For integers $n\geq 1$ let $\mu(n)$ the Möbius function, and let $\psi(z)$ the Digamma function, see its definition and how is denoted and typeset in Wolfram Language, if you need it from this MathWorld.
While I was doing calculations I found this problem:
Calculate a good approximation of $$\sum_{n=1}^\infty\frac{\mu(n)}{n}\psi\left(1+\frac{1}{n}\right).$$
My believe that why it is interesting is that Wolfram Alpha online calculator provide me approximations around $\frac{1}{2}$, with codes like this
sum mu(n)/n PolyGamma[0, 1+1/n], from n=1 to 5000
Question. My belief is that defining $$S:=\sum_{n=1}^\infty\frac{\mu(n)}{n}\psi\left(1+\frac{1}{n}\right),$$ then $$S=\frac{1}{2}.$$ Can you provide us and justify a good approximation of $S$, or well do you know how discard that $S=\frac{1}{2}$? If do you know that it was in the literature, refers it. Many thanks.

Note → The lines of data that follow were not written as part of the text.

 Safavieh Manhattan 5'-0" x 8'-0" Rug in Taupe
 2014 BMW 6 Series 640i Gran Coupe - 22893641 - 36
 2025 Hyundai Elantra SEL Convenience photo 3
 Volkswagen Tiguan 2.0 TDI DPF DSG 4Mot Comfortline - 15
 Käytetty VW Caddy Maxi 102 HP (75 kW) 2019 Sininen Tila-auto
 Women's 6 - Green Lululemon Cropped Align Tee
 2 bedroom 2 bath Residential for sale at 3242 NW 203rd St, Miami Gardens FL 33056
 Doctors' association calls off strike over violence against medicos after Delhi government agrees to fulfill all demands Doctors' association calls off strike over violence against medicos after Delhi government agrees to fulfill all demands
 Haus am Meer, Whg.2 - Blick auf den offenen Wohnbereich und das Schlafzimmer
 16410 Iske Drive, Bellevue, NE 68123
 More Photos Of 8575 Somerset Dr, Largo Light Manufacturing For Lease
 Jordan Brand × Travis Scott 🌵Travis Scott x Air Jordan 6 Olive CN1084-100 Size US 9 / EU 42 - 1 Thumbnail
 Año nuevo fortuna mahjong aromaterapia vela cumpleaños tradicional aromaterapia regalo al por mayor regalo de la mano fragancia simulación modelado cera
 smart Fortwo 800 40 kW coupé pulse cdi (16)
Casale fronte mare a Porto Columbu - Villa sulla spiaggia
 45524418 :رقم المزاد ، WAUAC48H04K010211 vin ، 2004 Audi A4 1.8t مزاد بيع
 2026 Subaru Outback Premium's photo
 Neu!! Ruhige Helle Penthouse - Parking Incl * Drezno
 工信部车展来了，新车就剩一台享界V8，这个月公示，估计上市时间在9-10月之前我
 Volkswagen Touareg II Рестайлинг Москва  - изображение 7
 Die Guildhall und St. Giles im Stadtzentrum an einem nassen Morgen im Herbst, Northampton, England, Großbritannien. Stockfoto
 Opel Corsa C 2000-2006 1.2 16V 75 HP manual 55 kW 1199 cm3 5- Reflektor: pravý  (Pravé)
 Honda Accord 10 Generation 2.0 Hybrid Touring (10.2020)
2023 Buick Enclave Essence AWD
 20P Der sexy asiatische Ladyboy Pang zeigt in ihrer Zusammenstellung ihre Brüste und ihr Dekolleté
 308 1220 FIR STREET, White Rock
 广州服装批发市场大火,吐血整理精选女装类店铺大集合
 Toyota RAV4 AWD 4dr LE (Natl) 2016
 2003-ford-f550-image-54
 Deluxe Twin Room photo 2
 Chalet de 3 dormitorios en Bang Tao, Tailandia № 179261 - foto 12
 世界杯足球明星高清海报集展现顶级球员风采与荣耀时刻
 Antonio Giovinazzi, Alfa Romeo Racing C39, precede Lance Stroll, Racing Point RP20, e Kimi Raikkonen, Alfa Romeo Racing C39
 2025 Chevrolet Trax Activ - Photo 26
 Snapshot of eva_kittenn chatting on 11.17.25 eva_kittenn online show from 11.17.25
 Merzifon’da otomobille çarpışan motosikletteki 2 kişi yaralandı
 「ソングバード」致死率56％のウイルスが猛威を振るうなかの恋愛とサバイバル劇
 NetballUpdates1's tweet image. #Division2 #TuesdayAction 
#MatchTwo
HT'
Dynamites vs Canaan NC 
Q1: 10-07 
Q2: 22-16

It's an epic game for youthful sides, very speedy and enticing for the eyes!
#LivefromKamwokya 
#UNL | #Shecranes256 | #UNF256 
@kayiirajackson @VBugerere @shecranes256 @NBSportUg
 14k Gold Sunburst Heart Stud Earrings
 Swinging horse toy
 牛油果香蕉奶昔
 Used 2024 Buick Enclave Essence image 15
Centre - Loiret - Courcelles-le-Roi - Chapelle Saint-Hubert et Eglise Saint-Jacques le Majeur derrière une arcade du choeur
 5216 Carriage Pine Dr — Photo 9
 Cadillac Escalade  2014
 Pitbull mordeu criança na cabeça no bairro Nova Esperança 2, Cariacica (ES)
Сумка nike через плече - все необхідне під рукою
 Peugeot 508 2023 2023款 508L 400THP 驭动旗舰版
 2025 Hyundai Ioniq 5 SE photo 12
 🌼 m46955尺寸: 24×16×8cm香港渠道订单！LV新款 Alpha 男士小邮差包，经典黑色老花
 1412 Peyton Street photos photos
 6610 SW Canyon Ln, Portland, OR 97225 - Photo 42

Since $\sum_{n=1}^\infty\frac{\mu(n)}{n}=0$, we have $$\sum_{n=1}^\infty\frac{\mu(n)}{n}\psi\left(1+\frac{x}{n}\right)=\sum_{n=1}^\infty\frac{\mu(n)}{n}\left[\psi\left(1+\frac{x}{n}\right)+\gamma\right],$$ and the series is uniformly convergent on $[0,1]$. Now $$\sum_{n=1}^\infty\frac{\mu(n)}{n}\left[\psi\left(1+\frac{x}{n}\right)+\gamma\right]=-\sum_{n=1}^\infty\frac{\mu(n)}{n}\sum^\infty_{k=1}\zeta(k+1)\frac{(-x)^k}{n^k},$$ from the Taylor series of the Digamma function. For $|x|<1$, this is absolutely convergent, and we can change the order of summation, so we get $$-\sum^\infty_{k=1}\zeta(k+1)(-x)^k\sum_{n=1}^\infty\frac{\mu(n)}{n^{k+1}}=-\sum^\infty_{k=1}(-x)^k=\frac{x}{1+x},$$ since $$\sum_{n=1}^\infty\frac{\mu(n)}{n^{k+1}}=\frac1{\zeta(k+1)}.$$ The limit for $x\rightarrow1$ is $1/2,$ indeed.